→ Source records:
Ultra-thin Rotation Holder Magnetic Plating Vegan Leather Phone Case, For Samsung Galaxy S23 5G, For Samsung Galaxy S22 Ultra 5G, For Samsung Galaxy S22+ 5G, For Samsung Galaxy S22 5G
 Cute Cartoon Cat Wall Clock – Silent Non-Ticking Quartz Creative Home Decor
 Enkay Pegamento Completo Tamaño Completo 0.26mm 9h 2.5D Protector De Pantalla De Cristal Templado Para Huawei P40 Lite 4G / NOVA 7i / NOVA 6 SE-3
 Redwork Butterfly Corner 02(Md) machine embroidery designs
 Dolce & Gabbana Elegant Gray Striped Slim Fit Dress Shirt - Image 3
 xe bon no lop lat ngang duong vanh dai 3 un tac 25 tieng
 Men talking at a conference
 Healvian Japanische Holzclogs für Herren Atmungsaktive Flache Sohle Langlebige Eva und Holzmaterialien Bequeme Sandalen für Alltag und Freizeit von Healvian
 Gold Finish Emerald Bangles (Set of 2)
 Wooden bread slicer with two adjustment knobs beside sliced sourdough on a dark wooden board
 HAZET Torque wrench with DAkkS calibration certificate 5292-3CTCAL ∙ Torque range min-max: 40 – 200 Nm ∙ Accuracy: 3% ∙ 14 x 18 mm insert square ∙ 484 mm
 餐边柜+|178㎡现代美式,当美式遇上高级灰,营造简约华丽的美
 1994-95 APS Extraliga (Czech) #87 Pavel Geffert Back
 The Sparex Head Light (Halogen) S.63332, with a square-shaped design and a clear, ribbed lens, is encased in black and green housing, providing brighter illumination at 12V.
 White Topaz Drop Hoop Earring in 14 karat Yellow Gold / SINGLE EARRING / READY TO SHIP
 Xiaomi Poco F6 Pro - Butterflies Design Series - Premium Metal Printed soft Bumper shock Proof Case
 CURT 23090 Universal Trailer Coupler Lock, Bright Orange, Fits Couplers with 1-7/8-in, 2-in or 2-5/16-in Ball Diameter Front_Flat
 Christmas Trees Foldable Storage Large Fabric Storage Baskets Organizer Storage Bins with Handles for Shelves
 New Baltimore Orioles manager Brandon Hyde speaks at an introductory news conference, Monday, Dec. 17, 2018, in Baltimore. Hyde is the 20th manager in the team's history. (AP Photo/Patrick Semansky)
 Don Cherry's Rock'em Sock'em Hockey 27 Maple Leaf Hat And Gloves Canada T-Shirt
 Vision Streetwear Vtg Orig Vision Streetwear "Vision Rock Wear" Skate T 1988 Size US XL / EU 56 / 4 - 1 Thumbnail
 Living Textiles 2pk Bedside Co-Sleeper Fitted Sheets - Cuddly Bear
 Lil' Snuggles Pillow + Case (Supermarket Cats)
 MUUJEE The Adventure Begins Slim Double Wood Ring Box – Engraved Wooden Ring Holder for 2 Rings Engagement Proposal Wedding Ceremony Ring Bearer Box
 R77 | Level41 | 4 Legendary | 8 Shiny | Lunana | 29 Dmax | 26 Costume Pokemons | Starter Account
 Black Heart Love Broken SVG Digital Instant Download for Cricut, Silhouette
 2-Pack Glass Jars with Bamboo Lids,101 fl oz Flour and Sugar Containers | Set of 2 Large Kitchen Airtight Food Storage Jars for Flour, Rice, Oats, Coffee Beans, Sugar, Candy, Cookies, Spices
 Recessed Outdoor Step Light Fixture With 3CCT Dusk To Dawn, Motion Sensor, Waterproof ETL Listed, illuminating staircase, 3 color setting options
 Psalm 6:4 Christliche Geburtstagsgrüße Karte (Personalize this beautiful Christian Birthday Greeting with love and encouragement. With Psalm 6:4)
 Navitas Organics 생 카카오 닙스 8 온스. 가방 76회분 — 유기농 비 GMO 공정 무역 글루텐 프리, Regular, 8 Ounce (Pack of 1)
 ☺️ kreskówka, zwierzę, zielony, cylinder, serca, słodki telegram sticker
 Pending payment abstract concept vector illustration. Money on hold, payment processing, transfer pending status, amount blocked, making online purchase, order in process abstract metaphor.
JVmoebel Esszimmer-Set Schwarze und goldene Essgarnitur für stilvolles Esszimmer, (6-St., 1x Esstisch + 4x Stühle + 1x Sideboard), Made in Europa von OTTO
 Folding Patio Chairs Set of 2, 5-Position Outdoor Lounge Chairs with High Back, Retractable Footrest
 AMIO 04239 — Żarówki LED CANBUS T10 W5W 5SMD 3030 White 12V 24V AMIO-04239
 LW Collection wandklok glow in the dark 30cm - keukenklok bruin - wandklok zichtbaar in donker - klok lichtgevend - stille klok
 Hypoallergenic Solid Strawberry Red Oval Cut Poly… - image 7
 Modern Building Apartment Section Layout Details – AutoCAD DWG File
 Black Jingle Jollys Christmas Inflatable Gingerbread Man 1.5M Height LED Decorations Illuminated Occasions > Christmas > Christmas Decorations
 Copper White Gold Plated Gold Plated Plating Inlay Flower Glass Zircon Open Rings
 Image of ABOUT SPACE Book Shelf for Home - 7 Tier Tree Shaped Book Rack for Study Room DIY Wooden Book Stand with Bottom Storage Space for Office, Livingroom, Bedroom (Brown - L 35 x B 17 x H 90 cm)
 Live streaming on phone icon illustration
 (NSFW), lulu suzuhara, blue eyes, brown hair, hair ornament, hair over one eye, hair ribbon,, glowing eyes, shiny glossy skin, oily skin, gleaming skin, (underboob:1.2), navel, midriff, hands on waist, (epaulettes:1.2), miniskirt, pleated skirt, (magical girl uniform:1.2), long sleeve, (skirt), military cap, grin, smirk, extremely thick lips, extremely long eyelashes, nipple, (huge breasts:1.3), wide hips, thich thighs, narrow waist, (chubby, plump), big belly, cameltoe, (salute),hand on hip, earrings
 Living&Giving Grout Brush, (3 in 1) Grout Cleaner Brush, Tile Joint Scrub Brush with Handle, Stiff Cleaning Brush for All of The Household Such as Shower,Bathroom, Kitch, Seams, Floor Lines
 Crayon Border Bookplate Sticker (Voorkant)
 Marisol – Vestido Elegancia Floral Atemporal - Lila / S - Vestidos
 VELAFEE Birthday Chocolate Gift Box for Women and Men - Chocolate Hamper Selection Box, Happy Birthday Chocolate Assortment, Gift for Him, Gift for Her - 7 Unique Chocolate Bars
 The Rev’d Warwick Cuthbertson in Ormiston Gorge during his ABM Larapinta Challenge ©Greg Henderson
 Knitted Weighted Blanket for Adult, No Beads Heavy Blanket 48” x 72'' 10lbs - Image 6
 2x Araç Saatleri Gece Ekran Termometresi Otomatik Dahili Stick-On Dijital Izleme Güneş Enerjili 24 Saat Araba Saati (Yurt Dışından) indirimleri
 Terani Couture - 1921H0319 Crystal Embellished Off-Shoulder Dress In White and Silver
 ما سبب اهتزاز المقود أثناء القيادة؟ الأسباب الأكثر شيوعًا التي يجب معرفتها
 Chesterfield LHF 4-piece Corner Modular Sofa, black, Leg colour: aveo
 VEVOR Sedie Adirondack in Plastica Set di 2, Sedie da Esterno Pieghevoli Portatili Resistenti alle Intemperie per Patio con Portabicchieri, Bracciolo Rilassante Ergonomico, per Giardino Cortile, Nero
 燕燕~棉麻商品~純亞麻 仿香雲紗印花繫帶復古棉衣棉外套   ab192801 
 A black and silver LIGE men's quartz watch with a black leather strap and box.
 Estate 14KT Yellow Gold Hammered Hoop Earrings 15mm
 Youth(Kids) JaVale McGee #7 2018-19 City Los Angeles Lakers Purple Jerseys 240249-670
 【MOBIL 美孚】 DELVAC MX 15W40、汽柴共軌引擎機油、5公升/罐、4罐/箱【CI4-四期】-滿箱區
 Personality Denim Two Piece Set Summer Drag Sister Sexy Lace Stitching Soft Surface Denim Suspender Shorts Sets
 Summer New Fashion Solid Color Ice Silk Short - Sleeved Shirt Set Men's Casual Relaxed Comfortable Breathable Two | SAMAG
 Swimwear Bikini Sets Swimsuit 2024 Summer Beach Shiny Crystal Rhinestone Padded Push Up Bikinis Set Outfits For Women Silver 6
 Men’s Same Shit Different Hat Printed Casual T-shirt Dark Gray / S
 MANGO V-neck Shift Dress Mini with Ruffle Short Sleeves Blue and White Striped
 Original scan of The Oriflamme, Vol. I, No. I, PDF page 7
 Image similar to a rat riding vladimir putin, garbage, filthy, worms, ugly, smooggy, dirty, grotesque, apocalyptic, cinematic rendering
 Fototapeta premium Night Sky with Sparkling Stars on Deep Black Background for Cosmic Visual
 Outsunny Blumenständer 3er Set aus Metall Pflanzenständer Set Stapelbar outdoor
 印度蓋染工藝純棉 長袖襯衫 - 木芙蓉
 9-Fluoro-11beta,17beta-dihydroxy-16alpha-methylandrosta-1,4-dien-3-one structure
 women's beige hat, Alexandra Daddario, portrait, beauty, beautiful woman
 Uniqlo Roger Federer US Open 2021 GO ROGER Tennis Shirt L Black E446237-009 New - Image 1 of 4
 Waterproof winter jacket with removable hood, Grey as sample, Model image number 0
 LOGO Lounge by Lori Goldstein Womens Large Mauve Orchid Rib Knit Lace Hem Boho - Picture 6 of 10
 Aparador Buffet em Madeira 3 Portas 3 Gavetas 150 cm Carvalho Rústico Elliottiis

→ What the task asks:
Present each line from the listing that holds the string "Yellow".

→ Result of this exercise:
 White Topaz Drop Hoop Earring in 14 karat Yellow Gold / SINGLE EARRING / READY TO SHIP
 Estate 14KT Yellow Gold Hammered Hoop Earrings 15mm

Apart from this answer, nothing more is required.